Also, always get wide-mouth if you have the choice. SO much easier to fill. And finally, almonds are heavy and come out really fast! I accidentally overflowed my jar, and had to pull out and extra container to put the handful that spilled into. Because I ain’t wasting $10/lb almonds y’all.

 

 

How about you guys? Did you have a learning week or an awesome week of wins?

 

 

One Small Thing: Cloth Napkins/Hand Towels

 

In this post series, I am highlighting One Small Thing you can change in your daily life to decrease your consumption and waste production, and move towards a more environmentally friendly, low waste lifestyle.

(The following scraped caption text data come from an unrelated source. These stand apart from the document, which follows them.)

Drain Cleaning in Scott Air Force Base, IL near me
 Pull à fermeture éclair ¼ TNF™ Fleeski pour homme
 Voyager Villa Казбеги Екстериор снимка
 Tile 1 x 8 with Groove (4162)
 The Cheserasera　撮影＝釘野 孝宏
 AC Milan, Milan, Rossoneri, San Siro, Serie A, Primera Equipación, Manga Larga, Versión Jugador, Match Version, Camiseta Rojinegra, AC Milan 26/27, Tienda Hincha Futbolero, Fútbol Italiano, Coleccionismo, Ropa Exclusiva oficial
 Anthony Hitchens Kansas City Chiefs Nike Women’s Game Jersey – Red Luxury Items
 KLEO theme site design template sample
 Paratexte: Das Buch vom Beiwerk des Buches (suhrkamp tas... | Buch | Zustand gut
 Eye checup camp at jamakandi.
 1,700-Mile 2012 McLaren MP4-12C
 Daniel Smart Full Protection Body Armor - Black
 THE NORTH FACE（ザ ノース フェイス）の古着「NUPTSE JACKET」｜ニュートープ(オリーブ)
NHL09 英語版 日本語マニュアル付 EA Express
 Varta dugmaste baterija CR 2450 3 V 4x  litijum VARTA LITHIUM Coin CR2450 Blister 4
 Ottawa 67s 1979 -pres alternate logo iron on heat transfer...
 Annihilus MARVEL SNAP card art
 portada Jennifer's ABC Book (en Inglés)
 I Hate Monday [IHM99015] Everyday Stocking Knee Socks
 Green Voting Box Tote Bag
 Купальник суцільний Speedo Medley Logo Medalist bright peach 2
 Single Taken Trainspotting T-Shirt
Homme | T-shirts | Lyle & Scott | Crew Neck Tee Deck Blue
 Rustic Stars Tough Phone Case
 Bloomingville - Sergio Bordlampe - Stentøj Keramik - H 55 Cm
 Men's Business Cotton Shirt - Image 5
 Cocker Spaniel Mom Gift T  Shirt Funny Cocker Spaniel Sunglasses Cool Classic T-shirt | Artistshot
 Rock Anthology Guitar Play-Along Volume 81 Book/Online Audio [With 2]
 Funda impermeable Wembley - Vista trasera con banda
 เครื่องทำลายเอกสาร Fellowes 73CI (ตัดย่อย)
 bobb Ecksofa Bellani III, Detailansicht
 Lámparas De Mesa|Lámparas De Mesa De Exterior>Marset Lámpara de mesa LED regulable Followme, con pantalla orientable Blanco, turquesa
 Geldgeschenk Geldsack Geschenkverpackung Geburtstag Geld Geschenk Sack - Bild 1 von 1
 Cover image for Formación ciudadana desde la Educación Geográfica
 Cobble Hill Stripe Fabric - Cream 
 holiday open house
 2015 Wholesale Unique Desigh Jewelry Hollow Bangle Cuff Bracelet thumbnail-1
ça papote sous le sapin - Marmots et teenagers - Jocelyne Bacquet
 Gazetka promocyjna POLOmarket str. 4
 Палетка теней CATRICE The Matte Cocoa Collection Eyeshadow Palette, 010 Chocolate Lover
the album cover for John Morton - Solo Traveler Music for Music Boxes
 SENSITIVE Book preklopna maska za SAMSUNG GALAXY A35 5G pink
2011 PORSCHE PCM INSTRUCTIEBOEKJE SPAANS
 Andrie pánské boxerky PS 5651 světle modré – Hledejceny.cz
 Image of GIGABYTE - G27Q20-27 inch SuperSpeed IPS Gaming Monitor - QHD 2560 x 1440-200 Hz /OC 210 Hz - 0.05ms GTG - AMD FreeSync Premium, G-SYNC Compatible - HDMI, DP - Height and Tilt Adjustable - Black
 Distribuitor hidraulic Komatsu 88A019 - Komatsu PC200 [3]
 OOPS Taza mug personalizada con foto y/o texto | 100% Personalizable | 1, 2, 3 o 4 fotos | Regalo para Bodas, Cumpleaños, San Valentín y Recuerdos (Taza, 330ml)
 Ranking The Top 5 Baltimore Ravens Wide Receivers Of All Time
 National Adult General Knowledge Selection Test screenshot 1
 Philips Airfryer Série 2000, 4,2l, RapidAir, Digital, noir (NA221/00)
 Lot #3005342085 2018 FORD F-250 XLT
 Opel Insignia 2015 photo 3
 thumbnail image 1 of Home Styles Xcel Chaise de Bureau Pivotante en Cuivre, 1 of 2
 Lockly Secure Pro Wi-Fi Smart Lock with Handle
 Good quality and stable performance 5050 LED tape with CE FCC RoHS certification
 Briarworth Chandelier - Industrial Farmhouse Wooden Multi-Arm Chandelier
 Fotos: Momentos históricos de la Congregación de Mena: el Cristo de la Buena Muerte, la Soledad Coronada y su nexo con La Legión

These changes are focusing on the low-hanging fruit, the small switches that will not break the bank or add hours to your daily or weekly routine.

These are largely changes that used to be considered ‘the way of life’ just a few short decades ago.

Today we are talking about Cloth Napkins & Hand Towels.

budget epicurean cloth hand towels

I know the title looks like two things, since I mention both napkins and hand towels.

But let me explain why they are the same: they are the same.

A cloth, rather than paper, to wipe your hands with. That’s it.

The only real difference being that we call it a hand towel when it is in the bathroom and used to dry your hands after you wash them, and it is called a napkin when it is used at the dinner table or in the kitchen to wipe your face and hands.

cloth napkins

Because we generally don’t use napkins with dinner anyways (I know, we’re animals… no we just aren’t that messy I guess) I haven’t felt the need to invest in a set of cotton dinner napkins.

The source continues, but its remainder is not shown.